Computer chips were an integral part of nearly every facet of life in the civilized world, from home appliances to automobiles, cell phones to soda machines, TVs to pacemakers. Technological advances arrived at hypersonic speed, making most electronic devices obsolete within just a couple of years. Demand for the latest and greatest digital gadget was unprecedented. Austin was a high-tech oasis, ideally positioned to take advantage of the new markets spawned by the widespread use of the Internet. I joined the throngs in the enormous turnover in the Austin workforce as engineers moved from one startup company to the other in search of a rocket ride to riches via an initial product offering. The dot-com explosion was on the decline, and those same engineers were now looking for more stable employment.

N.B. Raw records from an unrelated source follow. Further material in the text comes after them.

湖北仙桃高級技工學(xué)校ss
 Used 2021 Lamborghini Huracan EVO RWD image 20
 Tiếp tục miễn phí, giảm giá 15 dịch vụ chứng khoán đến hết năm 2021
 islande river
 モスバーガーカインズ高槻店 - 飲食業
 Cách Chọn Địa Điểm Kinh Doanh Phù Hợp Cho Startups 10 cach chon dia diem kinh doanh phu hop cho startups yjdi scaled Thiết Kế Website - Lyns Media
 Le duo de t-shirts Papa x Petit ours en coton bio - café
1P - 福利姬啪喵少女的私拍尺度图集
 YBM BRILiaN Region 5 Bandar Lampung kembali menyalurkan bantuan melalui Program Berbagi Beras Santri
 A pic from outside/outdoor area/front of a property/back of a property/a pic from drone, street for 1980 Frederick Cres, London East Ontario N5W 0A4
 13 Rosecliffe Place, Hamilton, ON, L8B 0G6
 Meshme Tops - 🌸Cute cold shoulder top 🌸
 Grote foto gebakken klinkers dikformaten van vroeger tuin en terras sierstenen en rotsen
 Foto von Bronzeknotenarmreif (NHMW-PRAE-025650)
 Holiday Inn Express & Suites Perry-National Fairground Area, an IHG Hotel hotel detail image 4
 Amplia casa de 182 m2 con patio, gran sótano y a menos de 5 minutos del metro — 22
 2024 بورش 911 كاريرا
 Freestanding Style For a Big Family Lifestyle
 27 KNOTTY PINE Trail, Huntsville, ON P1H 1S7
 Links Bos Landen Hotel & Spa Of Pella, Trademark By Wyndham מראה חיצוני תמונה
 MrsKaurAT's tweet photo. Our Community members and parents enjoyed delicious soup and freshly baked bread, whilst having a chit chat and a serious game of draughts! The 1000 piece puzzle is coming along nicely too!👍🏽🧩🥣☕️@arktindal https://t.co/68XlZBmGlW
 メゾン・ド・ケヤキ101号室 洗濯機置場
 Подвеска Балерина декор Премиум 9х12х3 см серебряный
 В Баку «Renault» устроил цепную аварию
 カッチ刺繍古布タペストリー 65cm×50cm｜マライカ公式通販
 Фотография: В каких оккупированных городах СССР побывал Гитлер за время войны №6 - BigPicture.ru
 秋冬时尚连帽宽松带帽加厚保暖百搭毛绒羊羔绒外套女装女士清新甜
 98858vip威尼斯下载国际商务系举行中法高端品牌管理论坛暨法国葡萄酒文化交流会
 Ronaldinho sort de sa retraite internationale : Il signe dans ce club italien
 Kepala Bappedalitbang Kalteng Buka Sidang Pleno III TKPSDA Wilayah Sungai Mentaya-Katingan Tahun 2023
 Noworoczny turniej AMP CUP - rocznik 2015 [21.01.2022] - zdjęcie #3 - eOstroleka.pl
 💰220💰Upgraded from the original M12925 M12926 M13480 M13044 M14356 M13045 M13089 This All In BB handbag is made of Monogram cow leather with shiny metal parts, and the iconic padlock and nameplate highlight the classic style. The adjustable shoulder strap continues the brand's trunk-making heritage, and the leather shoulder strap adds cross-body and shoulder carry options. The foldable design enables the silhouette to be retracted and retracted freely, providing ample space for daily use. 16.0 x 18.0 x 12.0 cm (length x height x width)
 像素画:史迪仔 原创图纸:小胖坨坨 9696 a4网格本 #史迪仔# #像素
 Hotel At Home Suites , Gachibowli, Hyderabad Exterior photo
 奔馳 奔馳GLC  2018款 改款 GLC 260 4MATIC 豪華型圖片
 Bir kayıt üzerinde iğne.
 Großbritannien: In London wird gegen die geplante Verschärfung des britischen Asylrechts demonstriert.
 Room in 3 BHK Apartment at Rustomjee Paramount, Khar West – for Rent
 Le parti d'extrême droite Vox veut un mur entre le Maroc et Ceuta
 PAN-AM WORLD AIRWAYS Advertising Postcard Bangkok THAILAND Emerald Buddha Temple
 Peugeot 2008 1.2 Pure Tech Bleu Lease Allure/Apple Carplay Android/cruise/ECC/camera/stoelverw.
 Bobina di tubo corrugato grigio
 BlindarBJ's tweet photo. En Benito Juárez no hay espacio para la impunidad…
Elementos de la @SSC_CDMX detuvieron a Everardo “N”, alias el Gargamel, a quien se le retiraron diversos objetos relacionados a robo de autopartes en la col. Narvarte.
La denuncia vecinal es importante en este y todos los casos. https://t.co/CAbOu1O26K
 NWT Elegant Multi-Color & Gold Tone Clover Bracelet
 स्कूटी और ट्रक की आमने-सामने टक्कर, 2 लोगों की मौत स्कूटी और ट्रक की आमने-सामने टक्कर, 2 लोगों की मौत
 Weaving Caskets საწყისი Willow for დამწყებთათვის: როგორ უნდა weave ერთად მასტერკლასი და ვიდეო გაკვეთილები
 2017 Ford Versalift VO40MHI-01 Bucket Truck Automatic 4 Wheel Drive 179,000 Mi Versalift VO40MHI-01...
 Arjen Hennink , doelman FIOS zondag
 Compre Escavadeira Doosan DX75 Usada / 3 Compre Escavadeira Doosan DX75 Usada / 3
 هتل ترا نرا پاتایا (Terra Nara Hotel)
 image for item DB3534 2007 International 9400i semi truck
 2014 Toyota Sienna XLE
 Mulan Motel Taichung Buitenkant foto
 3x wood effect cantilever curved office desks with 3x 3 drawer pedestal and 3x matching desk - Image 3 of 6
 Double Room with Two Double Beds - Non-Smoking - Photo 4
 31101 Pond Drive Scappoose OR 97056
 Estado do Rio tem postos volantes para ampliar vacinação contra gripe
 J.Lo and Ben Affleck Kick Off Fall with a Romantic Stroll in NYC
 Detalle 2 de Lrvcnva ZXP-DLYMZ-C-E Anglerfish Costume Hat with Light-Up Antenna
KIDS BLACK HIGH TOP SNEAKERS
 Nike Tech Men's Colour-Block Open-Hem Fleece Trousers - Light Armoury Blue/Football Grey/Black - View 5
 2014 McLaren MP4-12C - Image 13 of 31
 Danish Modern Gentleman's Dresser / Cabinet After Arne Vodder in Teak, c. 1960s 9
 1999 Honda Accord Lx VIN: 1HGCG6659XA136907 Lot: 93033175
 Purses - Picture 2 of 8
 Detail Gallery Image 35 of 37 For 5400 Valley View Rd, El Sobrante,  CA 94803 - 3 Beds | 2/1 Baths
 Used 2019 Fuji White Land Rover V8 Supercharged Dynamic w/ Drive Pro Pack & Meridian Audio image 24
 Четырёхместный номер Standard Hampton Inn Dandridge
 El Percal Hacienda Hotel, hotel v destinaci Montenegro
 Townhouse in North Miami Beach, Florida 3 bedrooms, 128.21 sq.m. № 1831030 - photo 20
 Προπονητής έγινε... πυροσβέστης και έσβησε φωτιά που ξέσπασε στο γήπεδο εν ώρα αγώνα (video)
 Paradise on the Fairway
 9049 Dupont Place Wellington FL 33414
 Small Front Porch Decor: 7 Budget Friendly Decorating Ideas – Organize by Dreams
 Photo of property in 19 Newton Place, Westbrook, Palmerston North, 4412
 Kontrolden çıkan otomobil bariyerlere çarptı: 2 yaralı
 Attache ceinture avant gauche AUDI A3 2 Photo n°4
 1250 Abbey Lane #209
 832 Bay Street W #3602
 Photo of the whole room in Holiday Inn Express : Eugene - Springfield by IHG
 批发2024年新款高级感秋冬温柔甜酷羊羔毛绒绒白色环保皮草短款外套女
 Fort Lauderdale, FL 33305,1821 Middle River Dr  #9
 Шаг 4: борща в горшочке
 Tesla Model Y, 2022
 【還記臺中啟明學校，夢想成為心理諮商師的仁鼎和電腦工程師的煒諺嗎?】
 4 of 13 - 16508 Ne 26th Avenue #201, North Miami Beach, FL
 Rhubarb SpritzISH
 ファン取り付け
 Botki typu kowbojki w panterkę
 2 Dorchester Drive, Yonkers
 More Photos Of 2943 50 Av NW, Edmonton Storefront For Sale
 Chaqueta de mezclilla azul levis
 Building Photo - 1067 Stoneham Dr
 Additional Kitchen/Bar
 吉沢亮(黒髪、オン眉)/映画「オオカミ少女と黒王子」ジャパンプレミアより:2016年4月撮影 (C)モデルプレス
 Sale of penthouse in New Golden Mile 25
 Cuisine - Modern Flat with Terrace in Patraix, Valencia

The line of cars crawled past the exits for the University of Texas and then downtown and its famous Sixth Street. We rolled across the Town Lake Bridge. It was still hard for me to believe I was working for IBM again, and under heavy veils of secrecy, helping create the PlayStation 3 Cell processor. I had one goal: create a world-class, leading-edge processor chip and deliver it in time for a Christmas 2005 product launch.
Not since the invention of the PC more than twenty years ago had chip engineers been asked to start a design of this magnitude from scratch. Truth be told, this was the mouth-watering opportunity that enticed me to return to Big Blue. Chip designers seldom get to start with a clean sheet of paper, primarily because the PC and server markets demand absolute backward compatibility with previous generations of hardware and software. Heaven help us all if the new version of Microsoft Word doesn’t open old Word files. It’s even more vital in applications that are more sophisticated. Given the high cost of a skilled workforce, lengthy time to market cycles, increasing design complexity, and the exorbitant cost of specialized design tools, we always had plenty of incentive to lean on previous designs. A clean sheet of paper excited every engineer who grew weary of working on derivatives and spin-offs from someone else’s design. It was our chance to create. Success could bring a paradigm shift in home computing.
Thoughts of fame and glory danced in my head, and I felt pretty good by the time I pulled up in front of my sons’ school. With Kutaragi’s grand vision as inspiration, Akrout, Kahle, and I were about to set out to design the Holy Grail of computing: the highest frequency, highest performing microprocessor in the industry—better than anything any PC had ever offered. We were going to make a supercomputer on a single chip.
If we could pull it off, a whole generation of gamers worldwide would pay us tribute, with their bloody digital broadswords raised on high.